3. Sometimes a word or thought will trigger a song- kind of like the gentleman in the podcast realizing that the music he was hearing was always aymbolic of what was going on in his life at that time.  Except much more literal.  A word or phrase that appears in a song will trigger it and it will run until something else takes its place.  You know, like when you’re walking down Broadway and you realize you have the song “On Broadway” in your head.  “Champs-Elysees” is even worse!!  And whatever you do, don’t walk by the Molly Malone statue in Dublin unless you really, REALLY like the song “Cockles ‘n’ Mussels!”  This is where it can be fun playing detective- “What made me think of this song??”

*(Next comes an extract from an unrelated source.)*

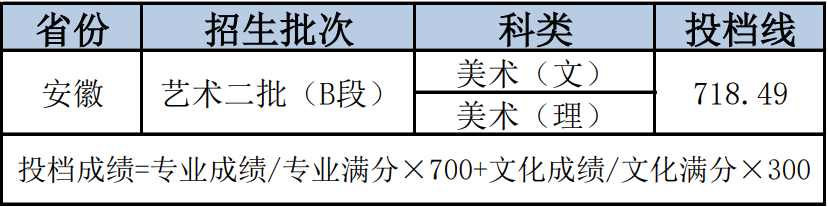 202207181658111019184678.png 640.png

4. The only times I don’t hear music in my head are when there is music playing in reality (and there are exceptions, like right now), and brief moments if I am like meditating or having a Zen moment where my mind is empty.  That’s not really my thing so doesn’t happen all that much.

So right now I’ve had the Nymphs trio from the beginning of Act 2 (aka The Opera) of Ariadne in my head.  Why?  Because even though I’ve kinda known how it goes for years (I sang Zerbinetta in that scene in college, even though it was only one line for me), yesterday for the first time I tried to sing it.  See, turns out we only have one Naiade in our double-cast, no-understudy production, and I started thinking if she gets sick or something happens, somebody is gonna have to step in and sing her part, and that somebody would of course be me, as it’s also a high, coloratura role, and I learn and memorize music really really fast, and, well, basically it’s always me.  So I decided to give it a look, it was a lot harder than I expected, I spent like a full hour on it even though I’d planned to just read through it (oops, I actually had to work on it, silly me underestimating Strauss), and ever since then it’s been in my head.  Pretty much nonstop.  I don’t mind, it’s a wonderful piece of music!!!

Well this was a lot more than I expected to write about somebody else’s podcast.  Oh yeah, and the Afghanistan story at the end got me choked up a little.  Really worth a listen!

Anyways, I’m interested in hearing other people’s experiences, both in degrees of perfect pitch and songs in your head.